Blueberry automatically handles Kubernetes secrets for every ephemeral environment.
This document explains what happens behind the scenes and how you can override the defaults when you need to supply your own values.


1 How Auto Secrets work

  1. Generation — At provisioning time, Blueberry creates random values (DB passwords, JWT signing keys, API tokens, etc.).
  2. Storage — Values are written to Google Secret Manager under IDs that start with the environment name, e.g. env-pr-123/mysql-root-password.
  3. Kubernetes wiring — The same values are copied into a Secret object inside the environment’s namespace and exposed to the pods as ordinary environment variables.
  4. Cleanup — When the environment is deleted, both the Kubernetes secret and the Secret-Manager entries are removed.

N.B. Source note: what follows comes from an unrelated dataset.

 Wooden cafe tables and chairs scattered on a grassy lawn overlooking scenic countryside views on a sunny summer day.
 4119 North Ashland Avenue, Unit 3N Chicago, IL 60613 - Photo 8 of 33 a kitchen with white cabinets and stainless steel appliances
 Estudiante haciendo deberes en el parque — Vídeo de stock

Result: your application just reads MYSQL_ROOT_PASSWORD, JWT_SECRET, … and it works without any manual steps.


2 Disabling or overriding Auto Secrets

There are two common scenarios:

2.1 Use your own values (keep Auto Secrets on)

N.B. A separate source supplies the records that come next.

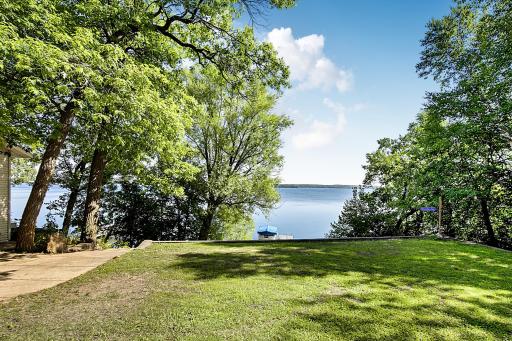 This level area in the back yard is great for yard games or bon fires and offers some of the best lake views around! There is a great amount of landscaping that has been done to create this great level space.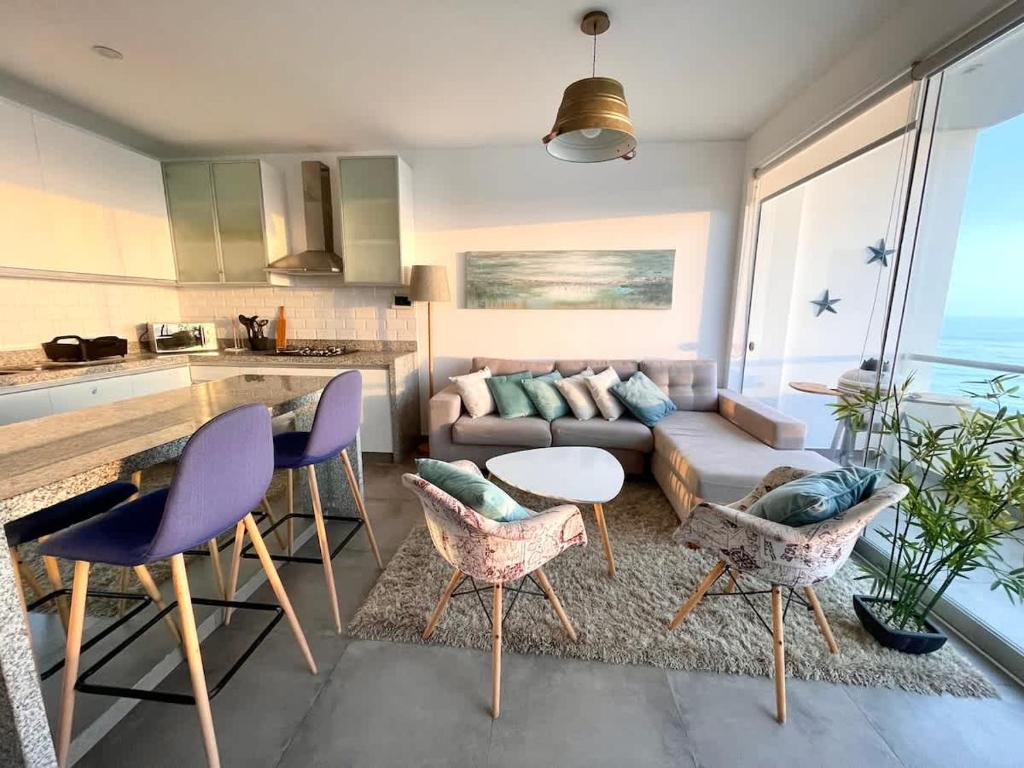 a living room with a couch and a table and chairs at Beach view apartment Punta Hermosa 4BR in Punta Hermosa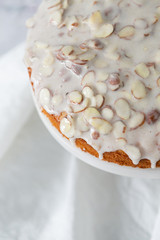 almond olive oil cake with brown butter icing and sliced almonds, dripping icing on cake, marble and wood cake stand, styled bakery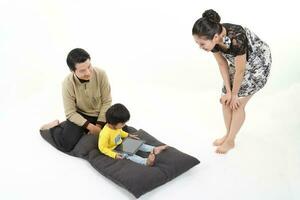 South East Asian young father mother daughter son parent boy girl child activity indoor photo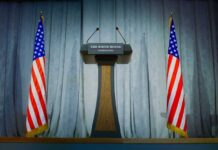 Press Room Shock: Sudden Exit Raises Stakes Press podium with the White House sign and an American flag in the background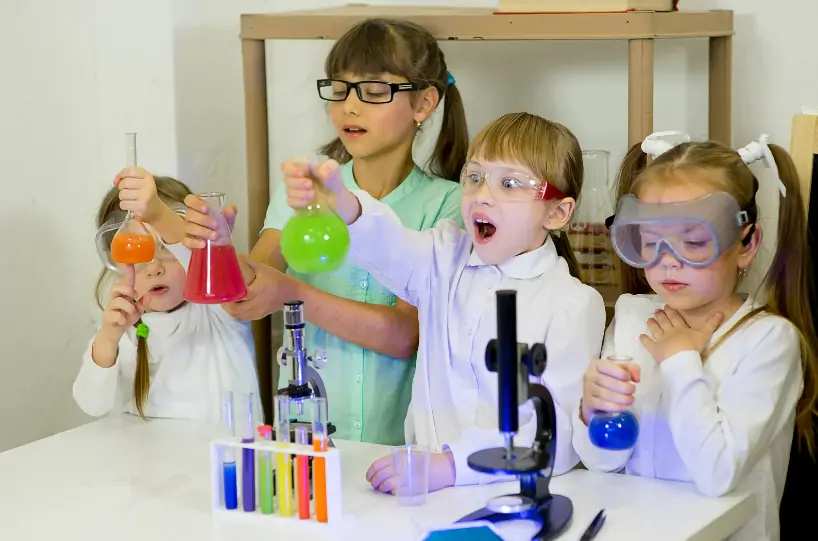 Children reacting to an experiment and very excited.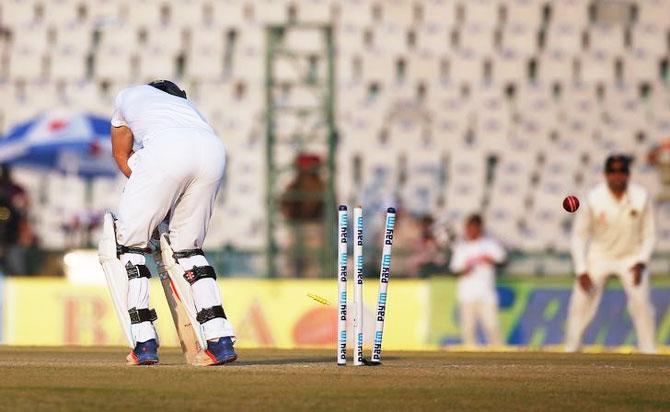 England's Chris Woakes is bowled by Umesh Yadav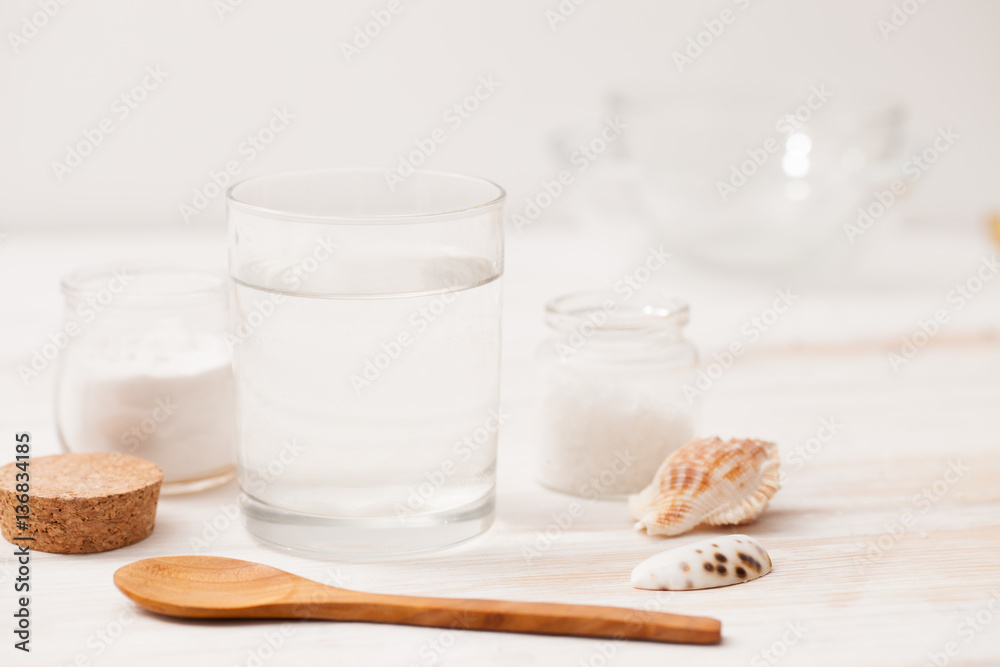 sea salt, starch in the jar and wooden spoon for recipes of cosm sea salt, starch in the jar and wooden spoon for recipes of cosm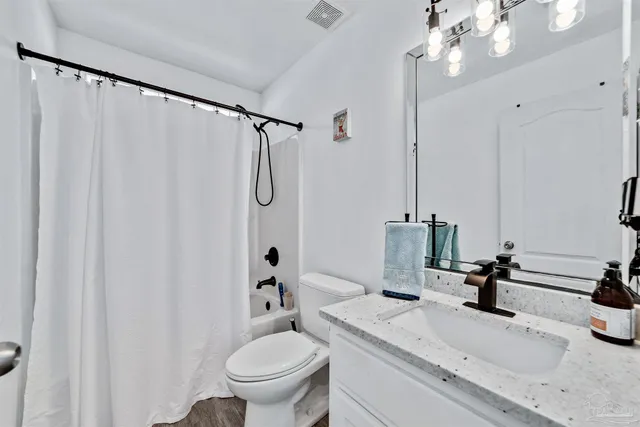 a bathroom with a sink a toilet and shower curtain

Supply a config override when you create the environment:

{
  "helm_values": {
    "backend": {
      "env": {
        "STRIPE_API_KEY": "sk_live_…your_key…"
      }
    }
  }
}

The value is written verbatim into the chart—good for non-sensitive tokens or demo keys.

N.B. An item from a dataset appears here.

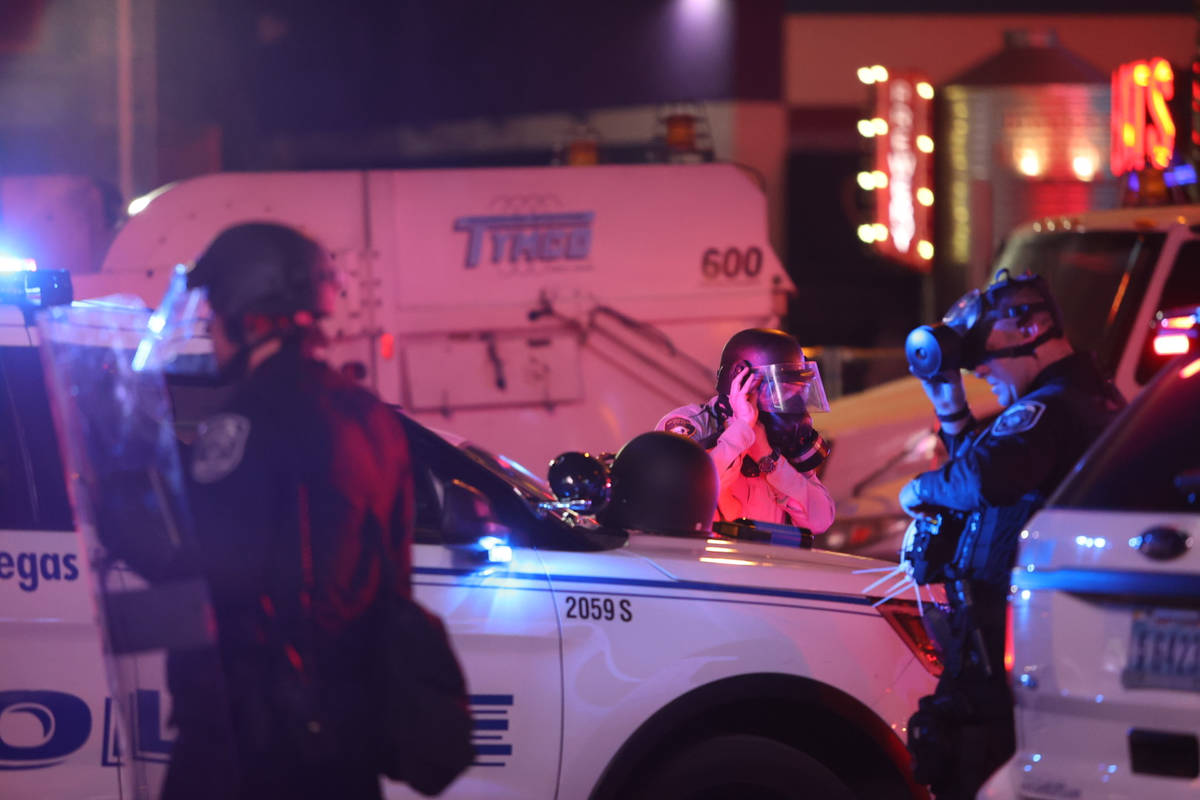 Officers place gas masks on at Fremont Street and Las Vegas Boulevard South prior to deploying ...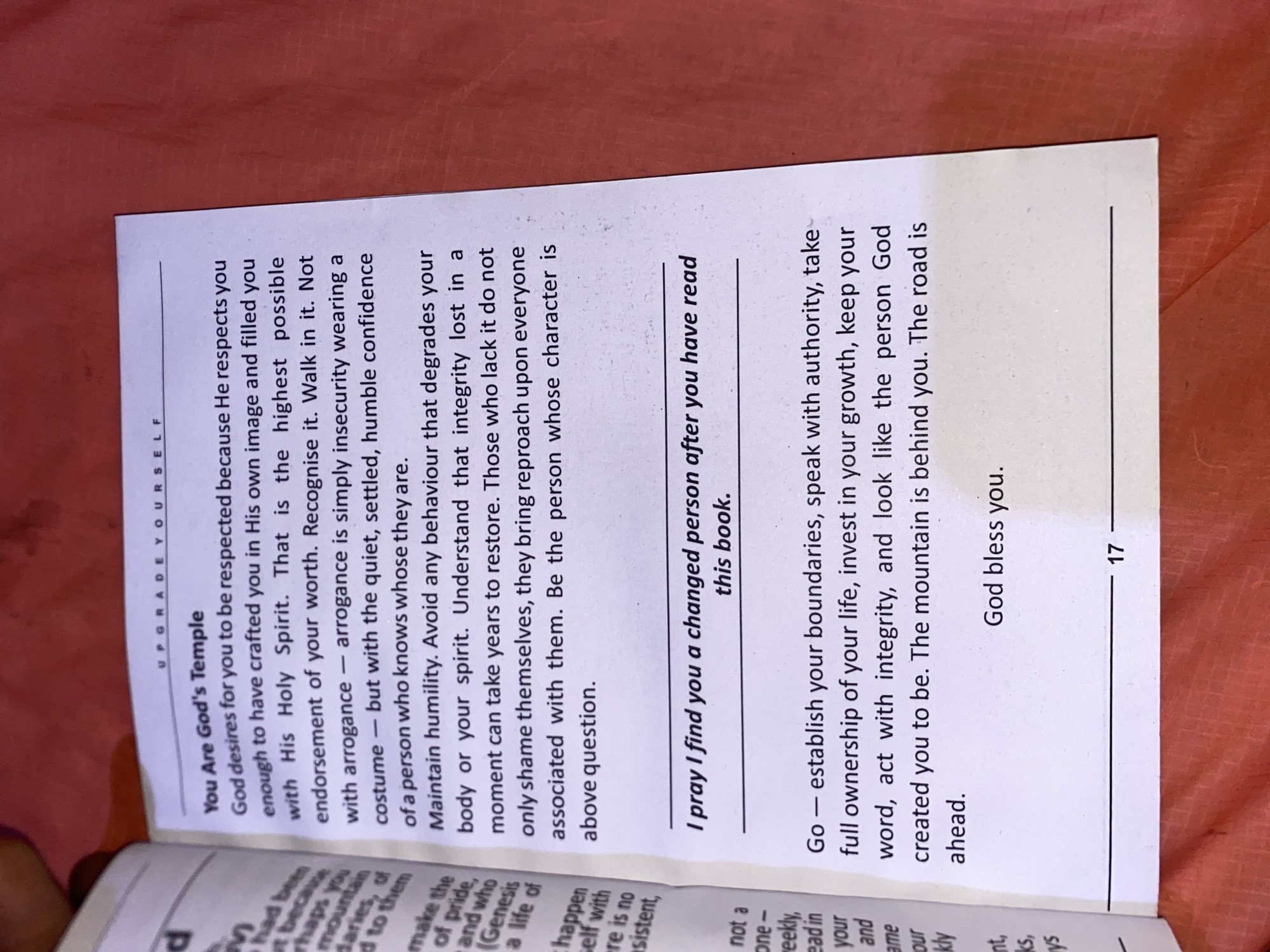 The image shows an open book with printed text. The page on the right is mostly visible and includes text under the heading "You Are God's Temple" and subheadings such as "I pray I find you a changed person after you have read this book". The page number "17" is visible at the bottom right corner. The book is resting on a surface with a reddish hue. The book appears to be lying horizontally with a slight tilt. The location is not identifiable in the image.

2.2 Refer to an existing Secret-Manager secret

  1. Create the secret once:

bash gcloud secrets create stripe-api-key --replication-policy="automatic" printf "sk_live_…your_key…" | gcloud secrets versions add stripe-api-key --data-file=-
2. Point Blueberry at it in the overrides:

json { "helm_values": { "backend": { "env": { "STRIPE_API_KEY": { "secretKeyRef": { "name": "stripe-api-key", "key": "latest" } } } } } }

Blueberry mounts the Secret-Manager value into the pod.

2.3 Turn Auto Secrets off

Send "auto_generate_secrets": false in the create-environment request and provide every secret yourself using one of the methods above.


3 API quick-reference

POST /api/environments
Content-Type: application/json
Authorization: Bearer <token>

{
  "environment_name": "pr-123",
  "backend_repo": "sample-be-1",
  "backend_branch": "main",
  "ttl": 24,
  "auto_generate_secrets": true,  // or false
  "config_overrides": { … }       // optional
}

If auto_generate_secrets is left at true (the default), no extra work is required; the credential variables just appear inside the containers.